[Scraped caption text data]
= Beginning of Section =

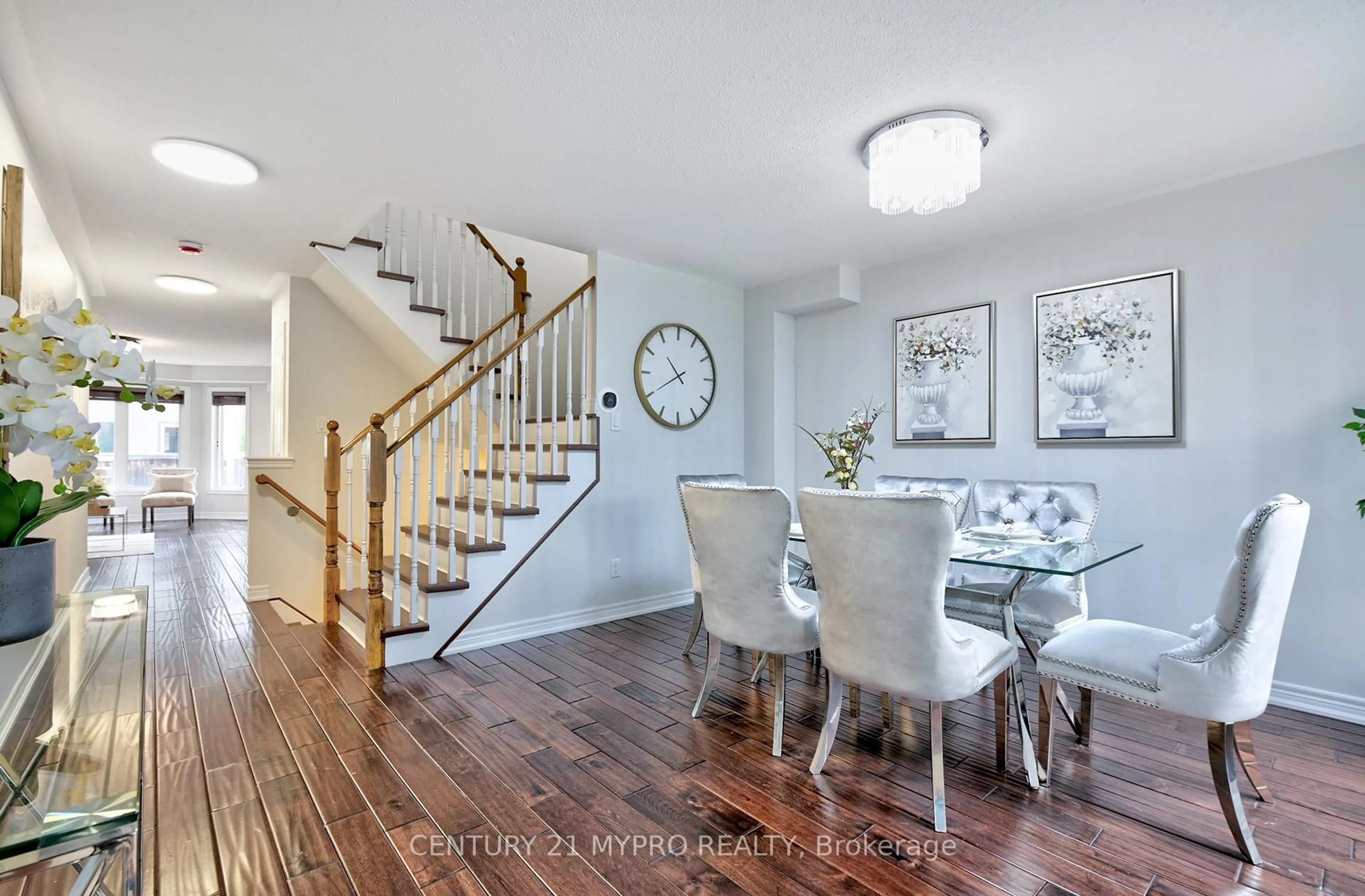 Dining room, wood/laminate floor for 42 Sequin Dr, Richmond Hill Ontario L4E 0J2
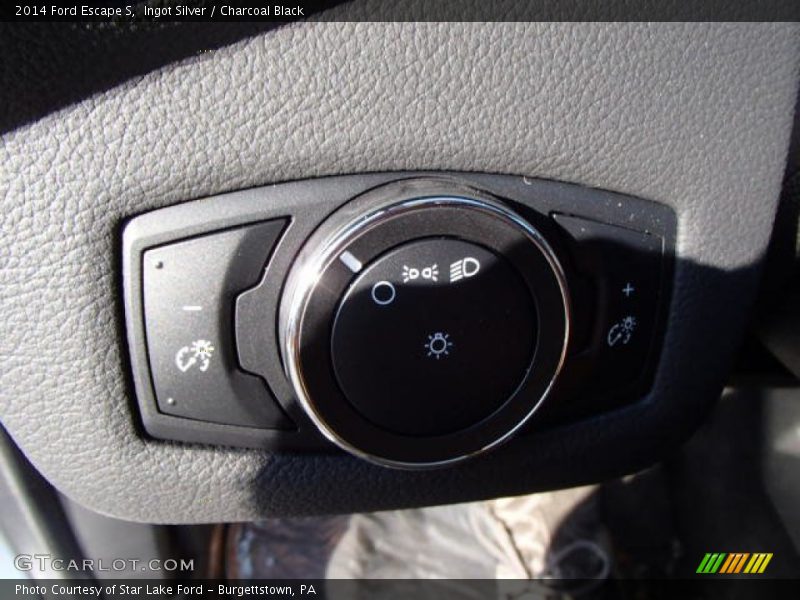 Ingot Silver / Charcoal Black 2014 Ford Escape S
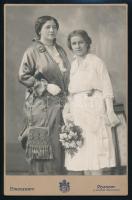 cca 1910 Hölgyek, keményhátú fotó Mindszenty pozsonyi műterméből, 16,5×11 cm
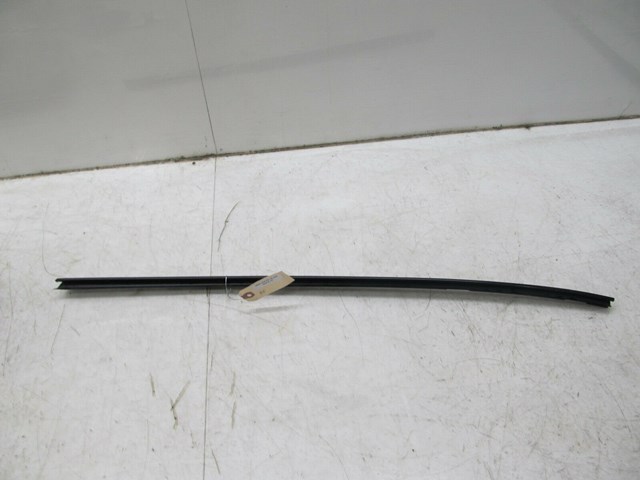 2001-2006 LEXUS LS430 OEM RIGHT FRONT GLASS WINDOW OUTER TRIM 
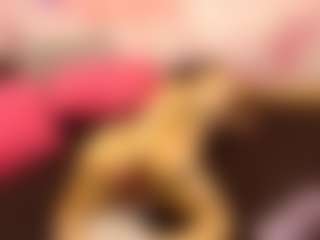 Live cam show with LaChula - Strip on Camsoda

= End of Section =

**What to produce**
This exercise needs every entry retyped exactly, with the pictures removed.

**Written answer**
 Dining room, wood/laminate floor for 42 Sequin Dr, Richmond Hill Ontario L4E 0J2
 Ingot Silver / Charcoal Black 2014 Ford Escape S
 cca 1910 Hölgyek, keményhátú fotó Mindszenty pozsonyi műterméből, 16,5×11 cm
 2001-2006 LEXUS LS430 OEM RIGHT FRONT GLASS WINDOW OUTER TRIM 
 Live cam show with LaChula - Strip on Camsoda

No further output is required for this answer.